Enquanto aguardamos o desfecho das peripécias da ilustre professora que, como Dr. Simão Bacamarte, “tem os olhos acesos da convicção científica”, vale a pena assistir ao que os editores consideram “uma pérola em homenagem a Michael Jackson”. Dita “homenagem” feita pelo programa “Vídeo Show”, da Rede Globo, no dia seguinte à morte do artista, recuperava cena veiculada no antigo TV Pirata.

Parece tratar-se de inequívoca demonstração das relações cordiais vigentes entre os brasileiros, segundo a doutrina Maggie. Um homem negro, Edmilson dos Santos (Guilherme Karan pintado de preto, tipo “Nega maluca”), apresentado como sociólogo e guardador de carros (contraste entre formação e ocupação real permite várias leituras, inclusive a da existência de barreiras de cor) é abordado em um supermercado por propagandista (Diego Vilela) de sabão em pó. O nome do sabão é Omolu.

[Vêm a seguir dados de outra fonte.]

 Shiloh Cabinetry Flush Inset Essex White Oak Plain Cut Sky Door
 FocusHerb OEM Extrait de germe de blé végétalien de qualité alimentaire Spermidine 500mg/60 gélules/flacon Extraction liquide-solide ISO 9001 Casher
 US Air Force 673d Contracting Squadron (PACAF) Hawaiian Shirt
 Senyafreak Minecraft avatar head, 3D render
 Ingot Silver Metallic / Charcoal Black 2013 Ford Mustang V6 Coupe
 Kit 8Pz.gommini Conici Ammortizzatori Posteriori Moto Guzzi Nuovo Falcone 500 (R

Há um sabão em pó “Omo”, que lava mais branco, e há esta paródia com o nome do Orixá, que realiza os desejos de embranquecimento de guardadores de carros formados em sociologia (“fez milagre em Edmilson dos Santos”) e ridiculariza a ancestralidade afro-brasileira. Um mês após a “experiência”, Edmilson transformou sua aparência, sugerindo ser agora Michael Jackson. Está feliz, “branquinho, branquinho”, e dança imitando gestos de Jackson, com música ao fundo.

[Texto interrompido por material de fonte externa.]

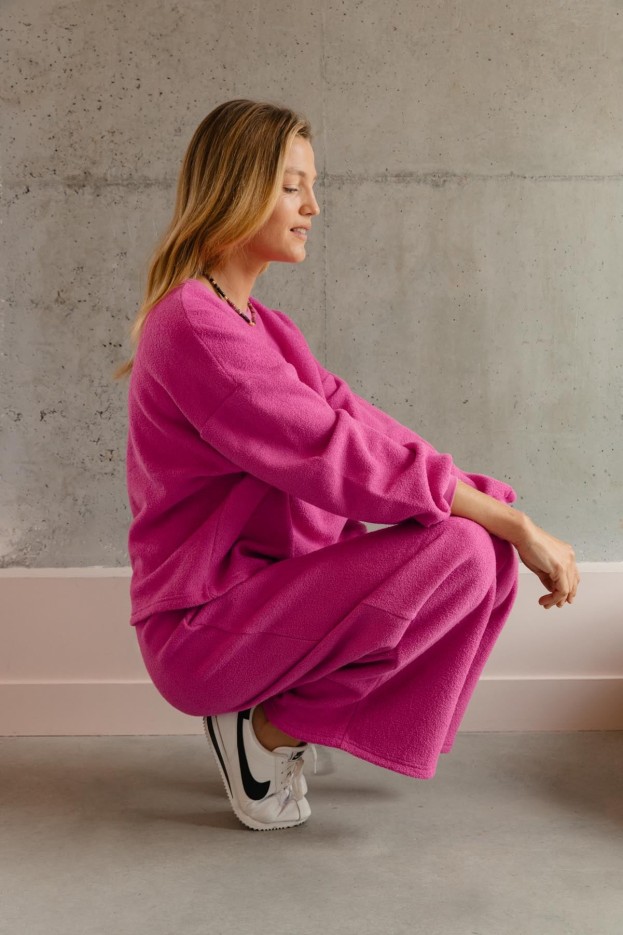 Pantalon Cocoon 100% Coton - Fushia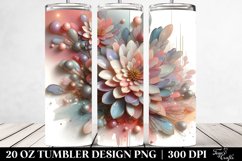 Glossy Zinnia Watercolor Product Image 2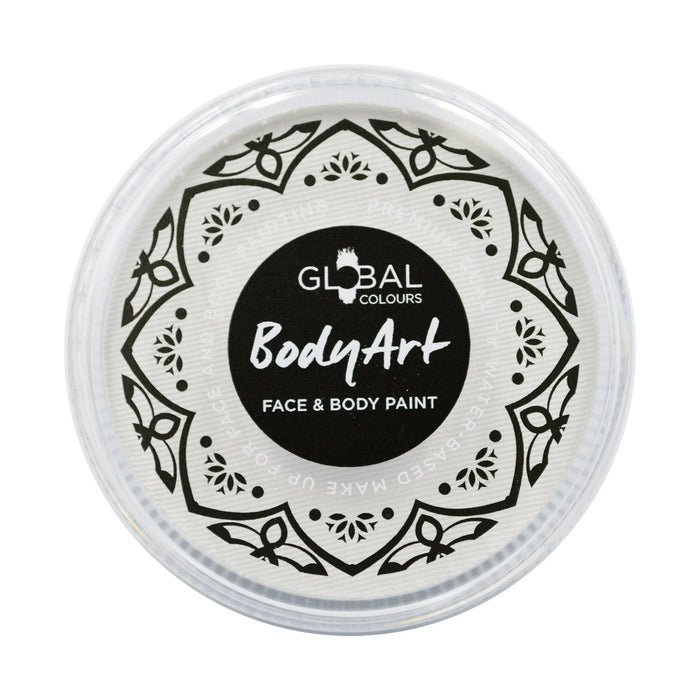 Global Colours Body Art | Face and Body Paint - NEW Standard White 32gr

No final da exibição da seqüência do TV Pirata, os apresentadores do Vídeo Show riem divertidos. “Vale a pena rir de novo” é o nome do quadro que no dia 26 de junho fez esta “homenagem” a Michael Jackson.

Na construção do esquete, valores religiosos de herança africana socorrem um homem negro em dificuldades com sua própria cor, presume-se. A superação de suas limitações, digamos assim. Ao final, ficou branquinho e feliz, usando “o sabão em pó das estrelas”. Não é mesmo divertido isso? A herança cultural e religiosa africana acionada para servir ao embranquecimento e à felicidade de Edmilson e de todos? Divirtam-se. Creio mesmo que essa sincera e cordial “homenagem” seja de grande utilidade para que possamos avançar no conhecimento e domínio das alucinações coletivas e do conteúdo mágico dos rituais midiáticos, ontem e sempre.